Coup d'envoi mercredi soir sur le Lido du 69e Festival de Venise, qui débute avec la présentation hors compétition d'un film signé par la réalisatrice indienne Mira Nair, The Reluctant Fundamentalist, un thriller subtil bien accueilli dans la matinée par la presse.

Tiré du roman éponyme de Mohsin Ahmid, ce film suit à coups de flashbacks le rêve américain d'un jeune Pakistanais, Changez Khan, interprété par Riz Ahmed. Diplômé à Princeton, ce brillant élément est engagé par une grosse firme de New York où il est chargé de maximiser la valeur d'entreprises en difficultés.

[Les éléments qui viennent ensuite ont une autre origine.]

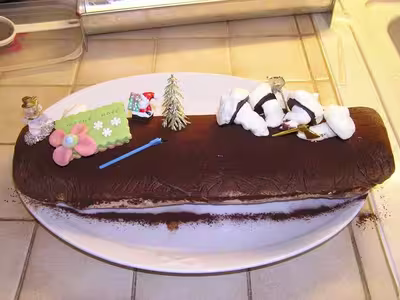 Bûche glacée/chocolat/praline mazet sur dacquoise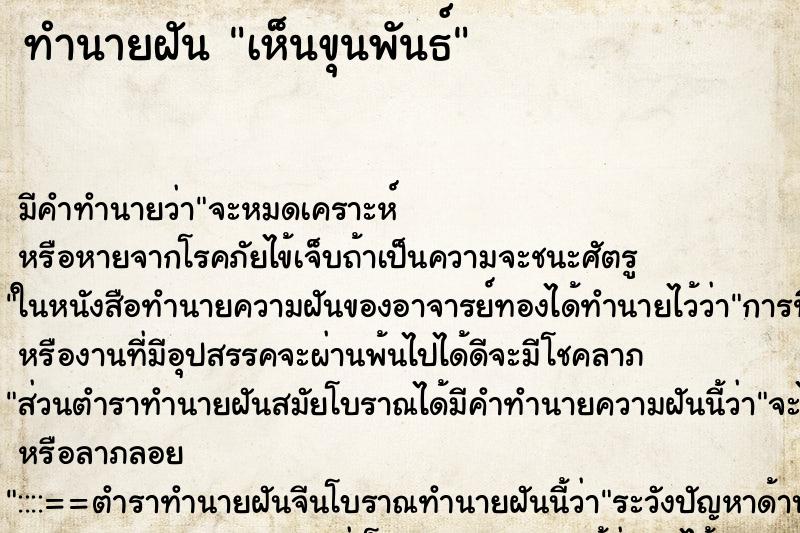 ทำนายฝัน เห็นขุนพันธ์ ทำนายฝัน เห็นขุนพันธ์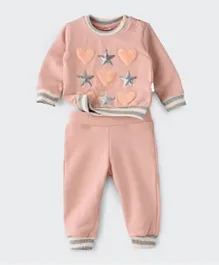 Babyqlo 2Pc Heart Winter Pajama Sets - Peach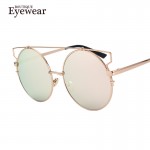 BOUTIQUE Round Women Flat Top  Cat Eye Sunglasses Women Brand Designer Double-Bridge Frame Glasses H1646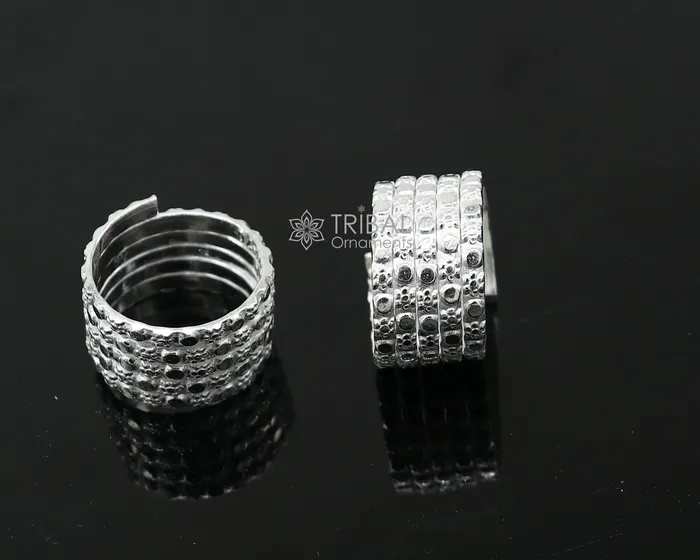 Earrings TRIBAL ORNAMENTS Indian Ethnic style handmade solid silver spiral design toe rings pair excellent tribal customized belly dance hippie boho jewelry ntr85 Earrings TRIBAL ORNAMENTS Indian Ethnic style handmade solid silver spiral design toe rings pair excellent tribal customized belly dance hippie boho jewelry ntr85
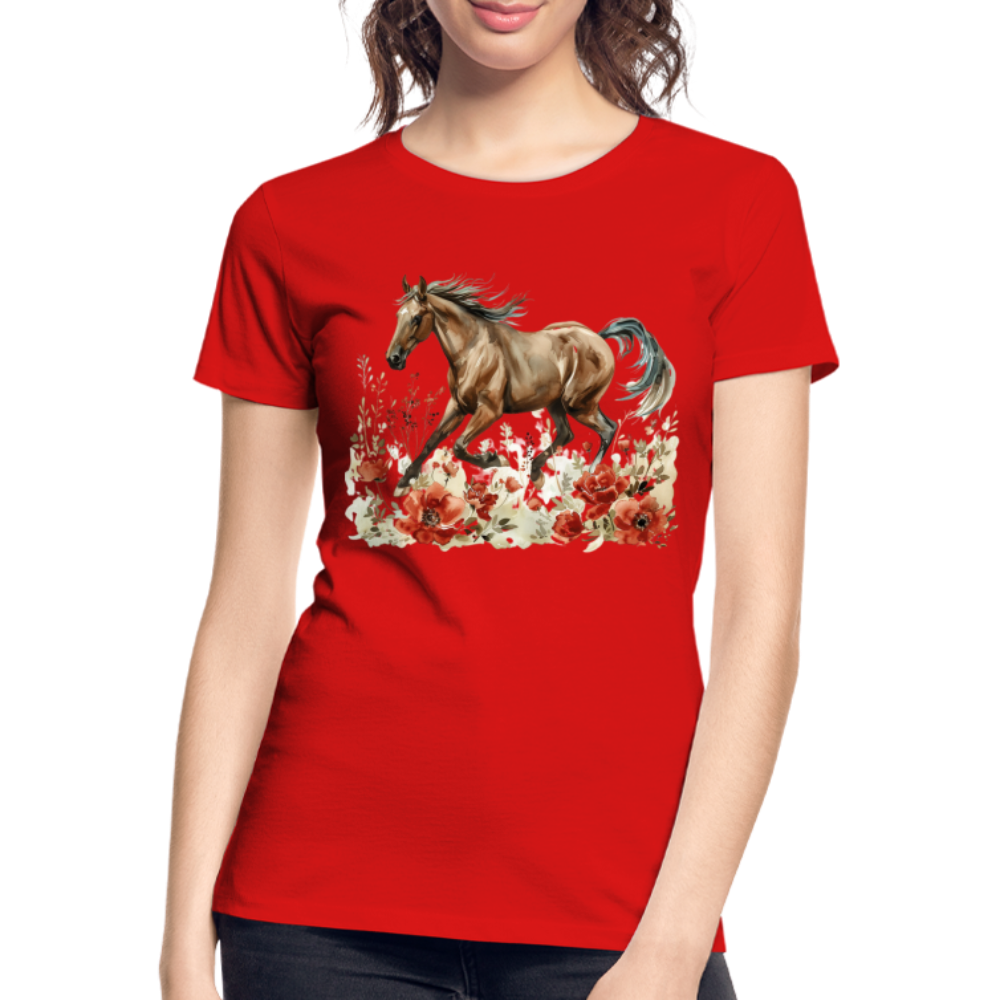 Flower Horse 12 - Frauen Premium Bio T-Shirt - Rot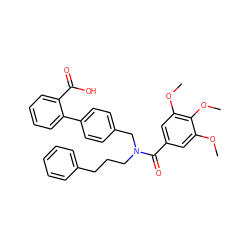 COc1cc(C(=O)N(CCCc2ccccc2)Cc2ccc(-c3ccccc3C(=O)O)cc2)cc(OC)c1OC ZINC000114433609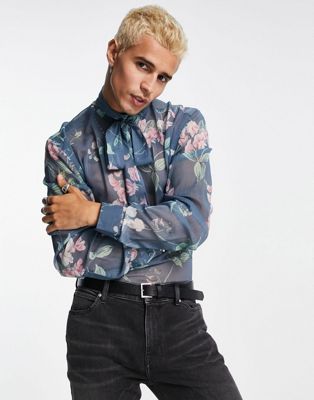 ASOS DESIGN sheer floral shirt with pussybow in blue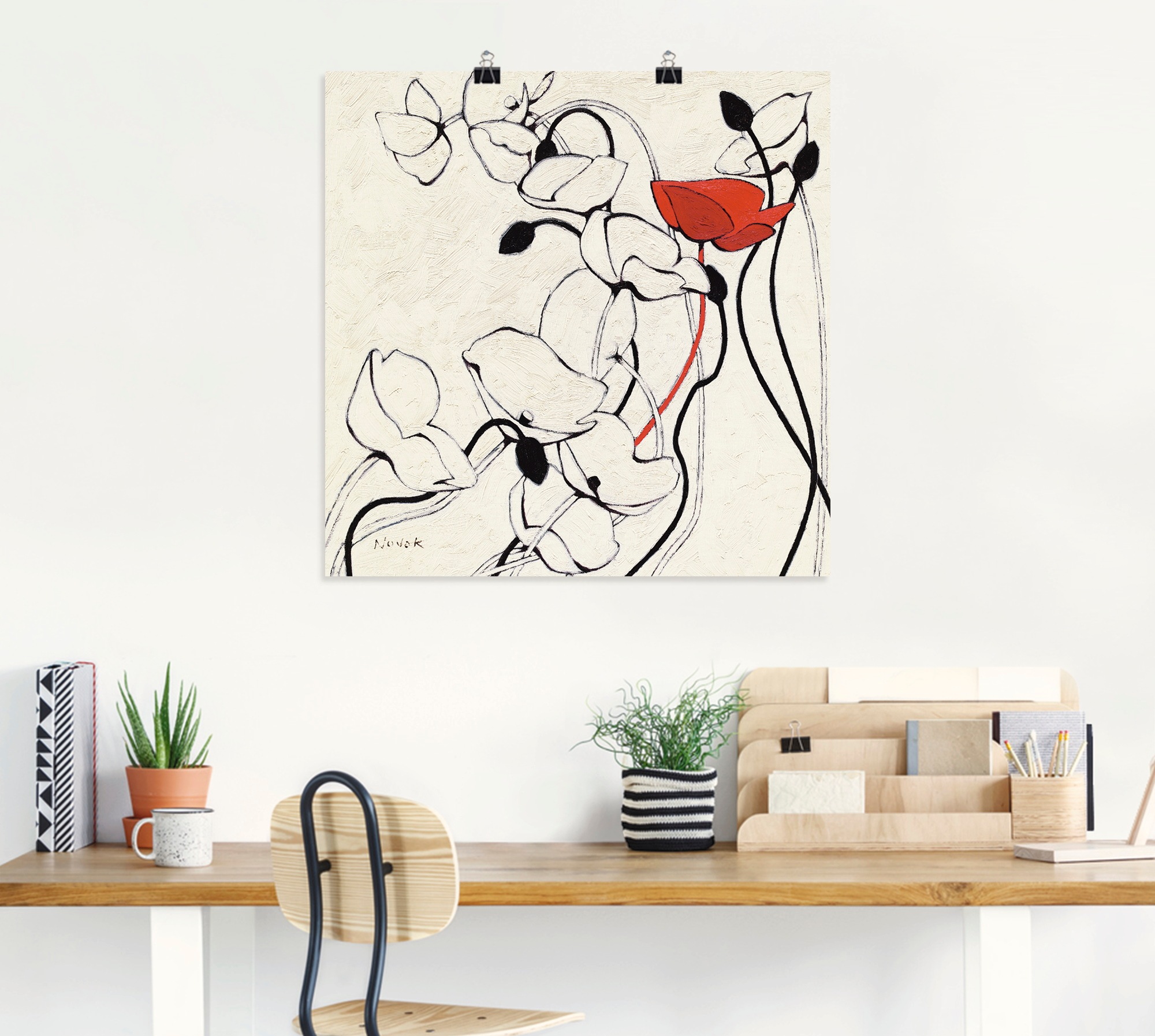 Artland Poster »Faden des Lebens II«, Blumen, (1 St.), als Leinwandbild, Wandaufkleber oder Poster in versch. Größen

Grassement payé, il rencontre Erica (Kate Hudson), une jeune photographe sophistiquée avec laquelle il noue une relation.

Sa vie semble toute tracée jusqu'aux attentats du 11 septembre 2011, qui viennent bouleverser ses certitudes : harcelé par la police en raison de sa couleur de peau (fouilles corporelles, contrôles d'identité...), il vit aussi très mal la paranoïa xénophobe qui l'entoure et s'interroge sur son identité.

Un épisode parmi d'autres; un de ses collègues vient lui demander de raser sa barbe, car elle met mal à l'aise certains de ses collaborateurs. Découragé, il décide de revenir près de sa famille à Lahore, où il enseigne à l'université et se trouve confronté à la rhétorique islamiste anti-américaine. Quel camp choisir?

«Nous savons tous qu'il y a eu un énorme schisme entre Orient et Occident au cours de la dernière décennie et qu'un mur s'est élevé» entre ces deux mondes, a expliqué Mira Nair lors d'une conférence de presse.

«Je voulais d'une certaine manière rétablir le dialogue, aller au-delà des stéréotypes, de la myopie et de l'ignorance», a-t-elle affirmé.

«Visage nouveau»

Un pari réussi pour l'auteure de Salaam Bombay (1988) et du Mariage des Moussons (2001), qui évite les stéréotypes et recourt à des clins d'oeil lourds de sens pour faire passer ses messages.

Elle a ainsi confié à Kiefer Sutherland, le héros antiterroriste de la série 24, le rôle du mentor qui tente de formater le jeune Changez aux valeurs de l'Amérique.

À noter aussi une réplique de Changez qui répond ironiquement à ses collègues l'interrogeant sur son avenir: «Je voudrais être dictateur d'une République islamique avec l'arme nucléaire».

Le tant débattu conflit de civilisations s'invite donc d'entrée de jeu au menu de la Mostra, qui s'ouvre officiellement à 17h avec le défilé sur le tapis du Lido des interprètes de The Reluctant Fundamentalist et la projection officielle du film dans un Palais du Cinéma dont le hall d'accueil a été entièrement rénové.

Le quartier du Palais semble lui aussi renaître après la disparition du grand trou resté plusieurs années abandonné en raison de la découverte d'amiante, mais qui cette année a enfin été recouvert d'aimables terrasses arborées.

Signe aussi d'un nouveau départ: le remplacement du directeur de la Mostra Marco Müller par le cordial Alberto Barbera. «En l'espace de trois-quatre ans, Venise présentera un visage totalement nouveau», a confié ce dernier à l'AFP avant le début du festival.

Autre innovation de taille dans le milieu très masculin du 7e art: les réalisatrices seront en force à Venise, avec 21 films signés par des femmes, dont quatre en compétition.

Jeudi marquera officiellement le début de la course au Lion d'or, avec la présentation de deux films en compétition: Izmena (Betrayal) du Russe Kirill Serebrennikov et Superstar du Français Xavier Giannoli.